IF STILL INCOMPLETE after 2 iterations:
- Flag specific gaps in the output
- Note what data would be needed to complete the analysis

============================================================
OUTPUT
============================================================

## Housing Affordability Analysis

**Project:** [name]
**Stack:** [detected technologies]
**Geographic Coverage:** [service area]
**Assessment Date:** [date]

### Executive Summary

| Area | Status | Key Finding |
|------|--------|-------------|
| Rent Burden Calculation | [STRONG/ADEQUATE/WEAK] | [summary] |
| AMI Modeling | [STRONG/ADEQUATE/WEAK] | [summary] |
| Cost-of-Living | [STRONG/ADEQUATE/WEAK] | [summary] |
| Voucher Management | [STRONG/ADEQUATE/WEAK] | [summary] |
| Needs Assessment | [STRONG/ADEQUATE/WEAK] | [summary] |

### Rent Burden Methodology

| Component | Implementation | Accuracy | Issue |
|-----------|---------------|----------|-------|
| Housing cost definition | [status] | [correct/issue] | [detail] |
| Income measurement | [status] | [correct/issue] | [detail] |
| Burden thresholds | [status] | [correct/issue] | [detail] |
| Gap calculation | [status] | [correct/issue] | [detail] |

### AMI Data Quality

| Component | Status | Last Updated | Correct |
|-----------|--------|-------------|---------|
| Income limits | [current/stale] | [date] | [yes/no] |
| Family size adj | [impl/missing] | [date] | [yes/no] |
| Geographic defs | [correct/issue] | [date] | [yes/no] |

### Recommendations

**Critical (data accuracy):**
1. [action item]

**High priority (analytical):**
1. [action item]

**Enhancement:**
1. [action item]

============================================================
NEXT STEPS
============================================================

- "Run `/affordable-housing` to assess the full housing management system."
- "Run `/eviction-risk` to analyze tenant stability and interventions."
- "Run `/housing-compliance` to verify Fair Housing and HUD compliance."
- "Run `/database-review` to optimize query performance."


============================================================
SELF-EVOLUTION TELEMETRY
============================================================

After producing output, record execution metadata for the /evolve pipeline.

Check if a project memory directory exists:
- Look for the project path in `~/.claude/projects/`
- If found, append to `skill-telemetry.md` in that memory directory

Entry format:
```
### /rent-burden — {{YYYY-MM-DD}}
- Outcome: {{SUCCESS | PARTIAL | FAILED}}
- Self-healed: {{yes — what was healed | no}}
- Iterations used: {{N}} / {{N max}}
- Bottleneck: {{phase that struggled or "none"}}
- Suggestion: {{one-line improvement idea for /evolve, or "none"}}
```

Only log if the memory directory exists. Skip silently if not found.
Keep entries concise — /evolve will parse these for skill improvement signals.
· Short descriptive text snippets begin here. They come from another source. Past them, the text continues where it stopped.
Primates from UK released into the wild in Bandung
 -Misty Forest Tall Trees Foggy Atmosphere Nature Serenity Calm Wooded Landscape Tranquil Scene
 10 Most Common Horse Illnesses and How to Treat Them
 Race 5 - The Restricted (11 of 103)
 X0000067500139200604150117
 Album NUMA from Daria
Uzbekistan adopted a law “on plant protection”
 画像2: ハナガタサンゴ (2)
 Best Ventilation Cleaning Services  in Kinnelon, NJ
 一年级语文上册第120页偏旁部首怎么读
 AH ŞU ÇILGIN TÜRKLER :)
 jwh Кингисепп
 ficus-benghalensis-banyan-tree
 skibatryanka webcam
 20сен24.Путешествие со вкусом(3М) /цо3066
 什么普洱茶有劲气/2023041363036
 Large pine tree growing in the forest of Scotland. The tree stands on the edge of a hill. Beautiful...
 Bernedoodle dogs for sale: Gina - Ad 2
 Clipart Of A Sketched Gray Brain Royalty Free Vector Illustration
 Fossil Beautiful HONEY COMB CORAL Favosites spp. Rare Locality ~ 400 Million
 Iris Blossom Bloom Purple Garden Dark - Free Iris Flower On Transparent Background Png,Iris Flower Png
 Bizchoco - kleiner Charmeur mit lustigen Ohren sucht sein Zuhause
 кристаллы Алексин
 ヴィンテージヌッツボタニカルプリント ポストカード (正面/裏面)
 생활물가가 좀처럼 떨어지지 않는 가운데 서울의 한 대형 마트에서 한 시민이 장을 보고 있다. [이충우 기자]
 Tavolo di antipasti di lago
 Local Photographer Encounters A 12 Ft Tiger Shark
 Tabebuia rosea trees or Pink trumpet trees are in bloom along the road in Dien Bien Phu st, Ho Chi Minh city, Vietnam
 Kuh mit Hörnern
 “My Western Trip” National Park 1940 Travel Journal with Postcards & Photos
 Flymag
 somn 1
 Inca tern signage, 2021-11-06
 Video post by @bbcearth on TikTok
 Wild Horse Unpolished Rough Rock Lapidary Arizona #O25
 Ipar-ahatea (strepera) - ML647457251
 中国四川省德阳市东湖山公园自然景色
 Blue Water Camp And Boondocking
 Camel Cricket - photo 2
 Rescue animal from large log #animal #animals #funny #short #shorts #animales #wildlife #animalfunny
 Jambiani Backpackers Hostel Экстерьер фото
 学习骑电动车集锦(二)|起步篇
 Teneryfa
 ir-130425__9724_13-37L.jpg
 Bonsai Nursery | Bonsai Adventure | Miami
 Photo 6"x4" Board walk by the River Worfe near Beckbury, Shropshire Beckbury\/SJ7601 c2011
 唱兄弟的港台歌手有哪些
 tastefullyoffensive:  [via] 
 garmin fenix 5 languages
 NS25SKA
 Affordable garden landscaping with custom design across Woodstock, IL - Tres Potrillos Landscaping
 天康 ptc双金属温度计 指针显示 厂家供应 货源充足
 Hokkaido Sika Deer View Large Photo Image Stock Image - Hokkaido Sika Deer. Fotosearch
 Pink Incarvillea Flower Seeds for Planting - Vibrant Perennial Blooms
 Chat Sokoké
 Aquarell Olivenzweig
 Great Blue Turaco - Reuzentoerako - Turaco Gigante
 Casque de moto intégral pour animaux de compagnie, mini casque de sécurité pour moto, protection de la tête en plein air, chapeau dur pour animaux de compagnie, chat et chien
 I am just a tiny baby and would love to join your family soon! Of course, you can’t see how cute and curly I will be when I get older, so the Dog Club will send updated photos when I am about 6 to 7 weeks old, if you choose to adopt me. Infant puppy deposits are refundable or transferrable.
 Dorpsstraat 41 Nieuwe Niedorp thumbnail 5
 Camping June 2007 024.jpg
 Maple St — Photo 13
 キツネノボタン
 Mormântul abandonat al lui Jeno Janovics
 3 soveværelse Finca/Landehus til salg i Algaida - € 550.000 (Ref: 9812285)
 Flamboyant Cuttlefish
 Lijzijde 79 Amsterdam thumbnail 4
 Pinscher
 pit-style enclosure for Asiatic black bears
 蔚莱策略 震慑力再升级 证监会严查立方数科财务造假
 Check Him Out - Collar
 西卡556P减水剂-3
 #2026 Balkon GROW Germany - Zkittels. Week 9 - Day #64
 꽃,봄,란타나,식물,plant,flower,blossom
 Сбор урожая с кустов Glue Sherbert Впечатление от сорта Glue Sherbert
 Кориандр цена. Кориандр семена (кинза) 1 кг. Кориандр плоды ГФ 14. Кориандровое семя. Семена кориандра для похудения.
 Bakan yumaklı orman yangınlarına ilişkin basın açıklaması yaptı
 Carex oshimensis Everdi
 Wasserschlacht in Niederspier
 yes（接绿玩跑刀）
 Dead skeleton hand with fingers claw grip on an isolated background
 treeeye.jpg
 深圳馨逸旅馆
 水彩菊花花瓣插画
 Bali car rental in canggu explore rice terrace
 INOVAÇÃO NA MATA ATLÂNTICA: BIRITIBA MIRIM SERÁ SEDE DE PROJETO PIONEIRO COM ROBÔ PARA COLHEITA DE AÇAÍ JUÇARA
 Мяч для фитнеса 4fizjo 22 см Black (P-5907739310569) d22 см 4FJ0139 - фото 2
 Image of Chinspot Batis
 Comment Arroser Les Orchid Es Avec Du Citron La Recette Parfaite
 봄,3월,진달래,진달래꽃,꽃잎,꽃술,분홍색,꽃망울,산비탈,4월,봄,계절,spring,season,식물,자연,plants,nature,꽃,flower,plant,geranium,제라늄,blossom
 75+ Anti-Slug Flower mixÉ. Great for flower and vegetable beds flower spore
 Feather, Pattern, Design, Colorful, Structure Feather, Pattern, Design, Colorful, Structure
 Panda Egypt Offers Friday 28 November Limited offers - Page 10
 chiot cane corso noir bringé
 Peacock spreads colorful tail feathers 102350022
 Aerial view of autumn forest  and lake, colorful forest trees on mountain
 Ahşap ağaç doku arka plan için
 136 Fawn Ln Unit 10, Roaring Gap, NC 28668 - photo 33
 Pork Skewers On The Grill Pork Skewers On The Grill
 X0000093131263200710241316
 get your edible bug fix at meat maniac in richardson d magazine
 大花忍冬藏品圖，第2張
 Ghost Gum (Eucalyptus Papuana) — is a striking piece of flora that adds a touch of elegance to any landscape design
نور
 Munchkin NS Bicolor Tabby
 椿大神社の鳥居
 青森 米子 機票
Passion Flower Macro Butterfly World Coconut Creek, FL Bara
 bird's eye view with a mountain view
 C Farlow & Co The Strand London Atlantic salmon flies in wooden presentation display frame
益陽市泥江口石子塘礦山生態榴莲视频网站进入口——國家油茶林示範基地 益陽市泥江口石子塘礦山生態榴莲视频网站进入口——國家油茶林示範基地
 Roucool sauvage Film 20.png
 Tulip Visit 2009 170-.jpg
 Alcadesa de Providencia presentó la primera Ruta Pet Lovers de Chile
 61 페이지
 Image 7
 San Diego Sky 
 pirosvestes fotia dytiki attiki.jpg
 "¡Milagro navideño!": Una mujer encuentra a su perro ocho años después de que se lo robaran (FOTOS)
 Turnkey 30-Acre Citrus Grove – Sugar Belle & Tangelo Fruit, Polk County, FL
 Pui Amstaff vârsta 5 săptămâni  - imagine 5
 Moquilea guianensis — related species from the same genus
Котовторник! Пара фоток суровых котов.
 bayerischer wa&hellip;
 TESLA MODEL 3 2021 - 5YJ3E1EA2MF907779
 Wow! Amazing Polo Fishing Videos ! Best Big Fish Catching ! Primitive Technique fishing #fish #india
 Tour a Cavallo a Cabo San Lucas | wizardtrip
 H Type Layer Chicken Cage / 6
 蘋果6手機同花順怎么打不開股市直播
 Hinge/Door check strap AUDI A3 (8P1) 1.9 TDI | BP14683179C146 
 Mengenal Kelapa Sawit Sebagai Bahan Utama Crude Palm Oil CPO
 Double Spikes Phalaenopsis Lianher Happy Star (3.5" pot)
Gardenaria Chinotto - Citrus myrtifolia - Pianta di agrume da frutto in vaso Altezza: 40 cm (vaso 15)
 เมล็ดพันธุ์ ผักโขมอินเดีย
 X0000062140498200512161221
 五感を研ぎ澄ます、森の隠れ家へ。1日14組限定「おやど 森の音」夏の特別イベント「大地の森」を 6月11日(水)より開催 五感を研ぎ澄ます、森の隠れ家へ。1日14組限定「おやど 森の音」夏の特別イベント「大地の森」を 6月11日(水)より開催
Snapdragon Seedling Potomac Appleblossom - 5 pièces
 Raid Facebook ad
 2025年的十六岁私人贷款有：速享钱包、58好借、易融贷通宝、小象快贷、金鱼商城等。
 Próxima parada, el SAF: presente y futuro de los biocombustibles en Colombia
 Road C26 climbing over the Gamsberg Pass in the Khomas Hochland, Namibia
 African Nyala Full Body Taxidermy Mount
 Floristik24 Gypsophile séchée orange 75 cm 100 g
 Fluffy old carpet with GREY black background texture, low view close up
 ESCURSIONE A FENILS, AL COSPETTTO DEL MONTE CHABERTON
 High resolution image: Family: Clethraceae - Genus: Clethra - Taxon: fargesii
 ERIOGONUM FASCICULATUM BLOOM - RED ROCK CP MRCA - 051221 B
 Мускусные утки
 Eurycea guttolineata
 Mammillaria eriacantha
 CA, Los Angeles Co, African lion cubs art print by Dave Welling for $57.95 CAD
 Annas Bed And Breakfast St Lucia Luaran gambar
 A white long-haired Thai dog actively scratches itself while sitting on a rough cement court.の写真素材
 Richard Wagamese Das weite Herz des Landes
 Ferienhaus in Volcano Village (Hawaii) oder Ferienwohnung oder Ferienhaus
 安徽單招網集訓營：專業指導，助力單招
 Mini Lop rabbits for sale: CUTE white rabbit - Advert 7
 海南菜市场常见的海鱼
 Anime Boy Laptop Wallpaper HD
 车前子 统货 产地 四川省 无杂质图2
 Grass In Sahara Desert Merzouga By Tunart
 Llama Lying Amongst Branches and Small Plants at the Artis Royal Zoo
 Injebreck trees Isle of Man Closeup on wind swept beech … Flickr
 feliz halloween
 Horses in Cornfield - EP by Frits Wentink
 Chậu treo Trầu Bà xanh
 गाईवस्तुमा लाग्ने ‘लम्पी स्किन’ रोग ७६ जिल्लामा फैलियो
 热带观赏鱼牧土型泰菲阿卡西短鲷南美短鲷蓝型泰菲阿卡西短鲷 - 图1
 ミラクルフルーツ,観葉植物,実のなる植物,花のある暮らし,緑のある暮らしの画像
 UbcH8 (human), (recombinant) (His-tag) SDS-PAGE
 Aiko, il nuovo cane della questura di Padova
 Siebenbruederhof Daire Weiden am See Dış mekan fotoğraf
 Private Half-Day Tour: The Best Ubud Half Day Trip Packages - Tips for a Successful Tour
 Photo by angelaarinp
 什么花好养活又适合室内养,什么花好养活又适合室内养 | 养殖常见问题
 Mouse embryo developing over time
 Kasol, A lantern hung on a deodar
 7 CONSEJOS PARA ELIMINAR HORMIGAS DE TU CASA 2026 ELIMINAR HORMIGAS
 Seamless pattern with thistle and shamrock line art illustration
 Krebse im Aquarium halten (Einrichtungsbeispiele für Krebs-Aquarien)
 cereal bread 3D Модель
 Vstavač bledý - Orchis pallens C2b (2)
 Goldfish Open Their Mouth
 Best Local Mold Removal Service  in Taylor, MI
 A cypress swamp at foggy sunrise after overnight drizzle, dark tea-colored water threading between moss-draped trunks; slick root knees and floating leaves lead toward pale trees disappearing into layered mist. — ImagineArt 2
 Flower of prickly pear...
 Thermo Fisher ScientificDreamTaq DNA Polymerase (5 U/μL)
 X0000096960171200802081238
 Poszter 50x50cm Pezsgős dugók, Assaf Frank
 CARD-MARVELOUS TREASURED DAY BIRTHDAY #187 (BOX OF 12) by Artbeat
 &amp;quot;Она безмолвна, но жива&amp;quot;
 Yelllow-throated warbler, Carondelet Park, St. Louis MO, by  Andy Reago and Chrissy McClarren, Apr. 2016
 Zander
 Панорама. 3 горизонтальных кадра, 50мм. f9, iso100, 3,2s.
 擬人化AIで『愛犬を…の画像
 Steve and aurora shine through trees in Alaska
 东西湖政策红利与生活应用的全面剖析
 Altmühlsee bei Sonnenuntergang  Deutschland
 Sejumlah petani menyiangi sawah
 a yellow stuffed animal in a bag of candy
============================================================
DO NOT
============================================================

- Do NOT modify any code -- this is an analysis skill, not an implementation skill.
- Do NOT include real tenant incomes or personal financial data in output.
- Do NOT make housing policy recommendations -- focus on technical accuracy.
- Do NOT assume AMI data is current without verifying the vintage year.
- Do NOT ignore margin of error in Census data -- small area estimates are unreliable.
- Do NOT conflate different program income definitions -- each has nuances.
- Do NOT skip utility allowance analysis -- it significantly affects tenant burden.